I have been reading a lot lately though. I’ve read nearly everything from Elizabeth Haynes and loved it. She writes about mental illness in an incredibly raw, realistic way with an appreciation of how devastating it can be, and how mean to both the one suffering and those trying to help. Her firsts books are truly psychological thrillers- unsettling and creepy, delving deeps into the mind of the victim, as well as the criminal in the case of Human Remains. Her latest, Under the Silent Moon unfortunately departs from her previous books and becomes plodding police procedural. I do think though that her earliest Into the Darkest Corner was so incredible (despite the rushed, somewhat forced happy ending) that I have quite high expectations for her books, which an ordinary procedural did not meet. I tried some more Brian McGilloway (after enjoying Little Girl Lost ages ago) and continue to enjoy his very ordinary police men and women, in a genre filled with alcoholics and or/divorcees with Dark Pasts. His Inspector Develin struggles with the demands of his job and how it effects his otherwise healthy family life, his Lucy Black has a very difficult job to do, and struggles with detaching herself emotionally from her work. It’s low key but no less interesting. I’ve been delving into some classics with some Bronte – I’m currently half way into The Tenant of Wildfell hall and am surprised to find I like it – although none of the characters are particularly likeable, I do admire the story line being what it is for the time it was written. Its strange, I’m not sure I’m enjoying it, but I find it so interesting that I find myself reading on anyhow. I have Villete lined up next as well as a handful of other classics. I’ve also got some historical romances, and some general fiction and some fantasy lined up.

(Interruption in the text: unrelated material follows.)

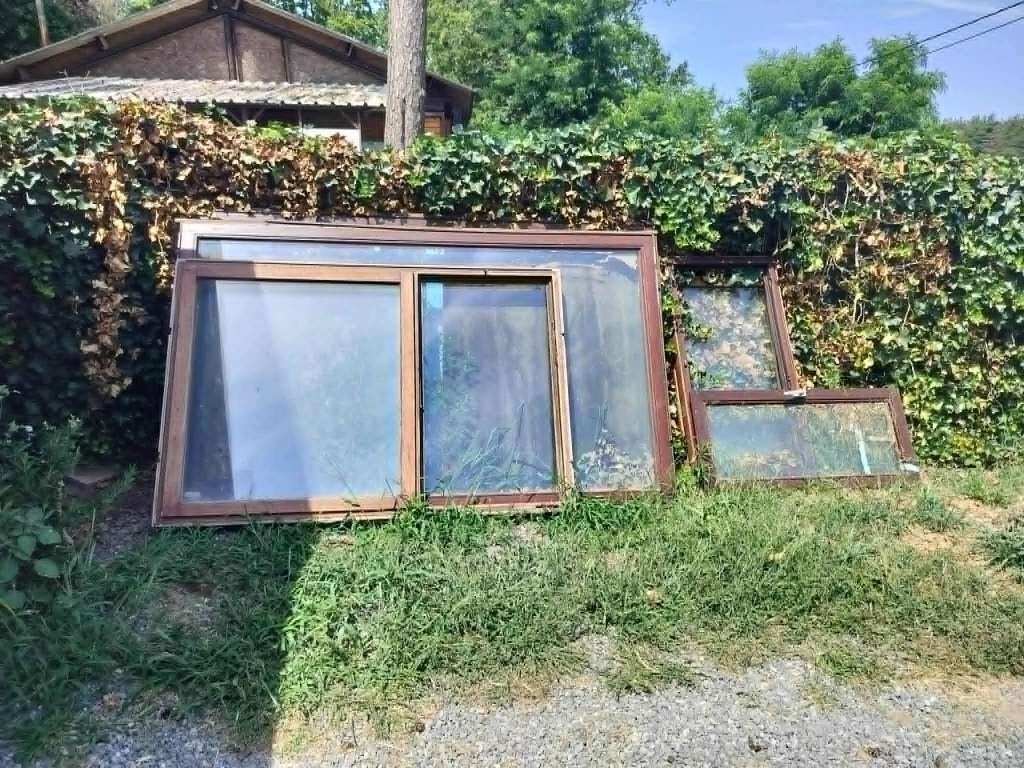 meranti ramen, Bricolage & Construction, Enlèvement, Utilisé, Fenêtre de façade ou Vitre, Double vitrage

My current gluttony for books probably has a lot to do with my new kindle – well, my new old kindle. For my birthday my father funded me a used kindle 3. I’m kind of in love. Its small, lightweight, comfortable to hold and easy to use. I love the interface of the kindle without any flash- it is simple and practical and I love using buttons. (I’m not a fan of touchscreens, to be honest.) The kindle screen isn’t as large as I was expecting, but its not a bad size, and the e-ink is so much easier on the eyes than the glare of my phone screen. I’m not going to abandon physical books any time soon, but they’ve definitely been side lined as I enjoy my new gadget. Of course, I’ve ended up with way more books than I need, and in my excitement for my kindle I find myself flicking from book to book and not getting much finished at all – the aforementioned crime novels were probably the last things I managed to finish. Right now I just want read everything, anything, as long as I can do so on my kindle.